Lloyd Echols, 70, was asleep in bed when he suffered a fatal head injury at about 10 p.m., said Gene Hart, chairman of the Banks County Board of Commissioners.
"He died instantly in our opinion," Hart said.
His wife, Mary Echols, 85, said she was not feeling well Tuesday and decided to sleep on the couch in the living room. She later realized how severe the weather had become.
"It thundered and lightninged real big and just poured and poured," she said.
She said she called out Lloyd’s name after the tree fell, but heard no response.
"I got a flashlight and tried to go back there. I started calling and calling and he never said a word, and I said right then ‘He’s already dead,’" Mary Echols said.
She later was helped out of the home by a local law enforcement officer who was nearby getting trees out of the road.
The trunk of the tree that crashed though the ceiling of the Hickory Flat Road mobile home was about four feet in diameter and caused extensive damage.
"It was such a large tree; it just about covered the entire mobile home," Hart said. "It’s just totally demolished."
Echols and her small dog, who survived the storm despite being in the bedroom at the time, spent Wednesday in her son’s house with friends and family. She said she is not sure what she will do now that her home has been destroyed and her husband is gone.
"I don’t know nothing," she said. "If I was young enough, I’d get another trailer, but I’m too near dead now."

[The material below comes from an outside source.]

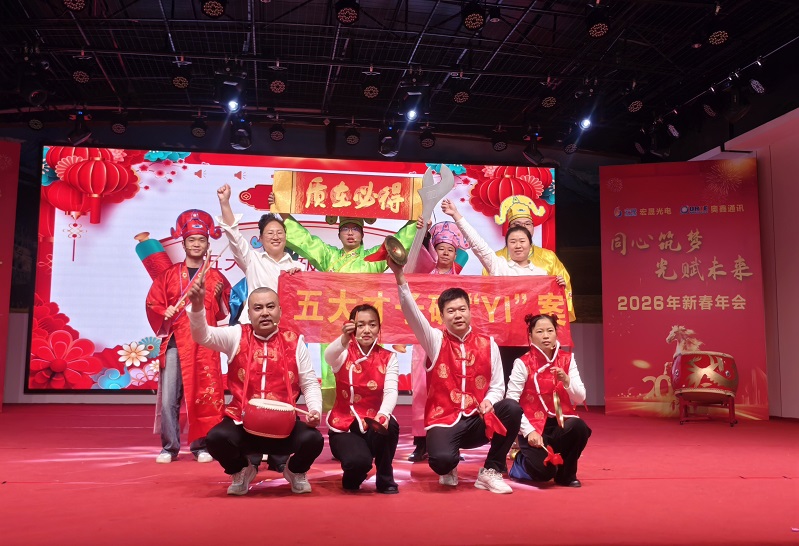 AnnualGala AnnualGala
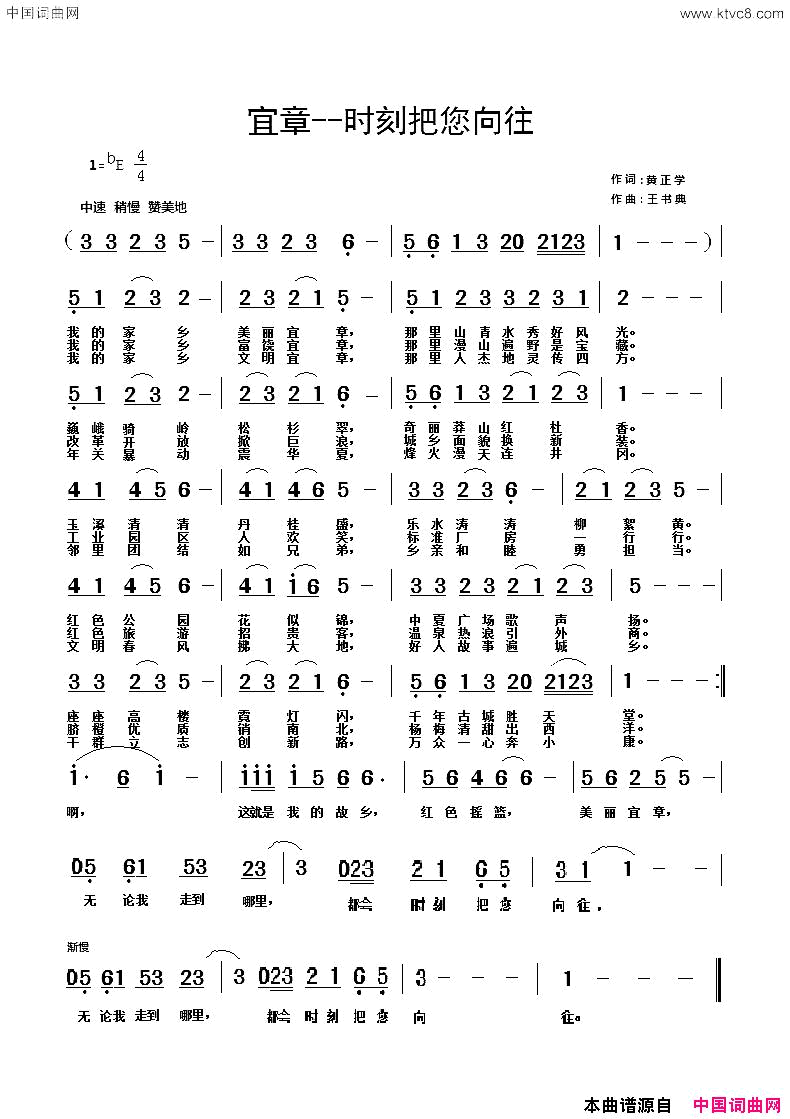 宜章一一时刻把您向往简谱1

The trunk of the tree was still on top of the mobile home Wednesday afternoon as family members and friends helped Echols clean out her belongings. She is staying with her son, who lives next door.
The large tree most likely fell because it was rotting on the inside, making it more fragile, Echols’ grandson, Mark Whitfield, said.

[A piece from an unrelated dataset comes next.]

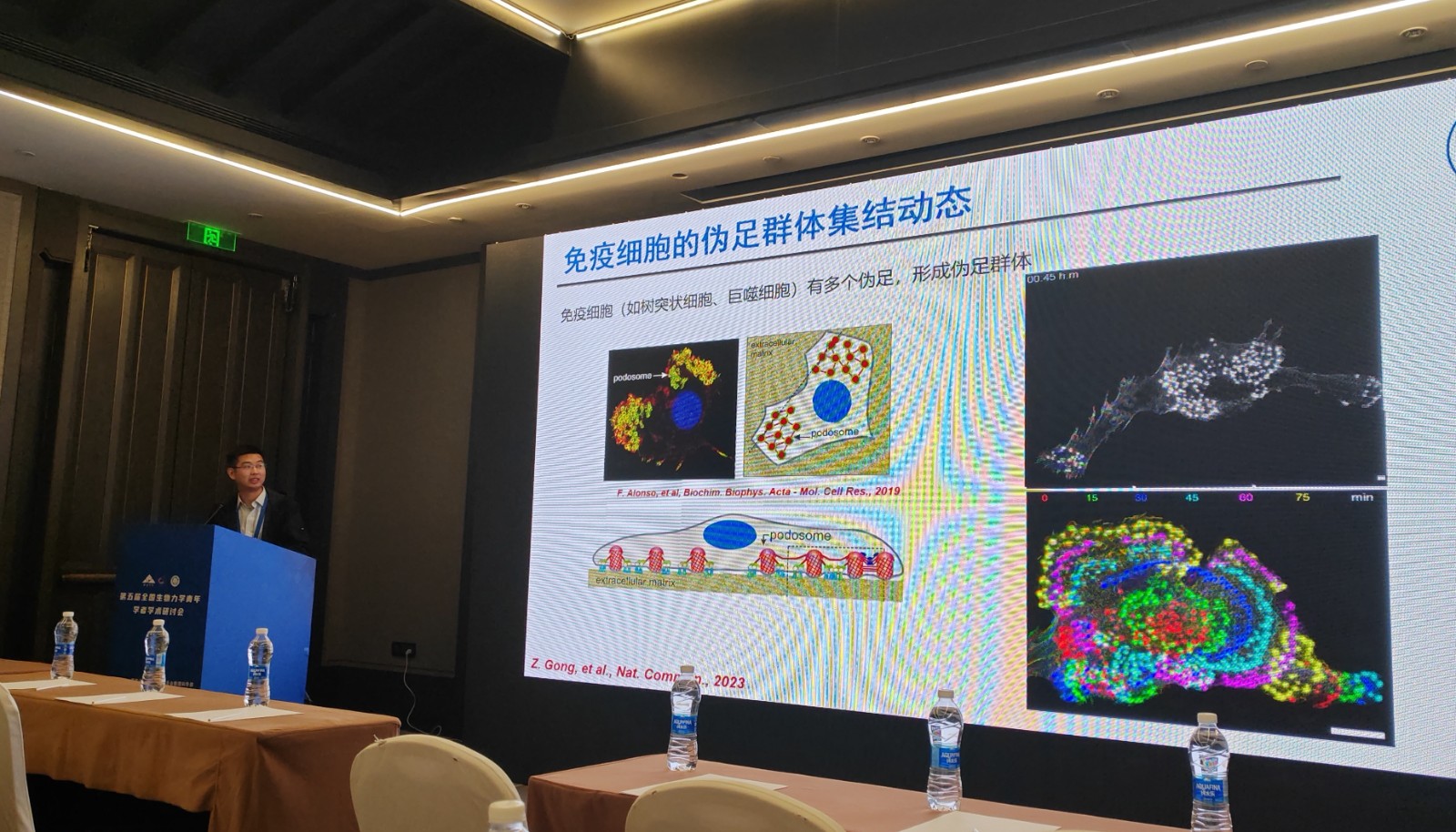 生物力学青年论坛.jpg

Whitfield said about 100 people had come by the home between Tuesday night and Wednesday afternoon to help clean and offer support, some staying up working until 3 or 4 a.m.
"It’s a tight-knit community," Whitfield said.

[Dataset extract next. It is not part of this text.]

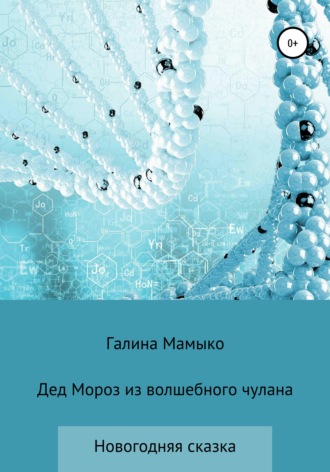 Обложка книги «Дед Мороз из волшебного чулана»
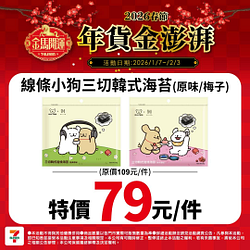 線條小狗三切韓式海苔特價79元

Neighbor Kenneth Parson said they are trying to pack up Echols’ remaining belongings before they are damaged by more rain.
Family friend Lena Harrison was at the home Wednesday afternoon.
"It’s unbelievable when something tragic like this happens," Harrison said. "This is something you can’t control. It’s nature."
Many trees were toppled in Lula, Gillsville and the surrounding areas as a result of the severe thunderstorm, said Laura Griffith, a forecaster with the National Weather Service. Winds were estimated at 60 mph Tuesday.
"There was quite a bit of thunderstorm wind damage," Griffith said. "Wind speeds like that can do damage to mobile homes."
Griffith said the National Weather Service recommends people in mobile homes find more stable shelter after a severe thunderstorm warning is issued.
Betty Parson, a relative of Echols, said she is saddened and shocked by Lloyd’s Echols’ death.
"I thanked the Lord nobody else was hurt. It could have took both of them easily," she said.
Severe thunderstorms also swept through Hall County on Tuesday night but didn’t cause too much damage.
Capt. Scott Cagle of the Hall County Fire Department said there were seven weather-related calls Tuesday, but no structural damage to homes or injuries was reported.
He said firefighters were called to put out a fire on about an acre of woods near Bob Bryant Road after lightning struck a tree and started a fire. It took about 45 minutes to put out the flames, Cagle said.
The fire department also responded to two other calls regarding trees falling on power lines, two calls about blown transformers and two calls from houses where lightning struck nearby.